Today, train travel is experiencing a renaissance, not only in Europe but also across the world. Amtrak found that its ridership had increased 51% between 2001 and 2013, particularly for inner-city travel. Although daily commuting accounts for part of this resurgence (trains allow people to work in busy cities but live in more serene towns), it’s also due to the growing desire travelers have to “connect” with the places they explore, as well as retain a certain level of “freedom.” One such traveler, Jack Donarchy, while traveling from the town of Yokosuka, Japan to the airport, found himself lost on the train. “I had a window seat and was allowing my mind to wander with the rhythm of the train. Suddenly, a switch flipped inside my head and I realized that even though I’d spent the last two years in Japan, I was seeing—really seeing—the country for the first time.” The train takes travelers through the heart of a place—cruising through both its majestic landscapes, untouched by humans, and its forgotten underbellies abandoned in history.
The “Puffing Devil” and the revolution it started.
Invented in 1801 by Richard Trevithick at the height of the Industrial Revolution, the first steam-powered passenger locomotive was a shocking sight for contemporary travelers who witnessed its debut in England. Nicknamed the “Puffing Devil,” it was loud, dirty and visually jarring with its black, iron body and steaming top. Yet one witness described it as “a little bird, going faster than I could walk.”
Although the “Puffing Devil” would ultimately puff out just a few days later, a seed had been planted that would grow into centuries of rail travel. For those experiencing the Industrial Revolution, trains were a “reminder” that the world had changed. Railways became one of the “few places that upper and middle class came face to face with industrial machinery.”
The effects of the railway became known as the “annihilation of time and space,” because not only did it allow people to travel quicker and access places unimaginable before (it is also the reason we have standardized time), but it profoundly changed people’s relationships with nature.
Industrial machinery became a part of the natural landscape, with train tracks stretching across vast prairies, penetrating the bases of snow-capped mountains, and running through the centres of rural towns.
So here we are, 215 years after the “Puffing Devil” made its first climb up a meager little hill in Cornwall, and there seems to be an unlimited amount of train routes you can take that will quench your thirst for a freer, more ‘connected’ way to travel.

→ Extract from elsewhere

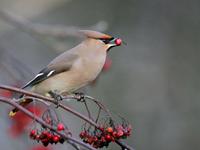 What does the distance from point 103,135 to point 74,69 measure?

Instead of wasting hours in airport lines, and thousands of dollars on cramped flights that leave you lethargic, why not take the track less traveled, and see the world as those who braved the first train routes in the early 1800s did? As Marcel Proust once said, “The real voyage of discovery consists not in seeking new landscapes, but in having new eyes.”
To get you started, here’s a list of five unique train trips you can book tomorrow.
1) If you’re a bit of an adrenaline junkie, and dreamed of scaling the Andes onboard a dusty, red train as a kid, take the Devil’s Nose Train Route in Ecuador.
Photo: Wikimedia Commons
2) If “Little House on the Prairie” was your favorite show, or the (questionable) Jackie Chan movie, “Shanghai Noon,” then you need to hop onto the California Zephyr – you’re ticket through the American West.
Photo: Wikipedia
3) If you love colorful little cottages buried in picturesque yet harsh mountainous landscapes, then climb aboard The Flam Railway in Norway, which twists and turns through the fjords.
Photo: Flickr
4) If “travelling to the clouds” in a historic, toy-train is your thing, then join locals on the Darjeeling Himalayan Railway in India, which speeds through the legendary town of Darjeeling, known for its surrounding tea plantations.
Photo: Flickr
5) If you’re an overachiever not only in life, but also in travel, then you can take the train (plus a ferry) from London, England to Marrakech, Morocco. Yes, this is real and it’s unbelievable.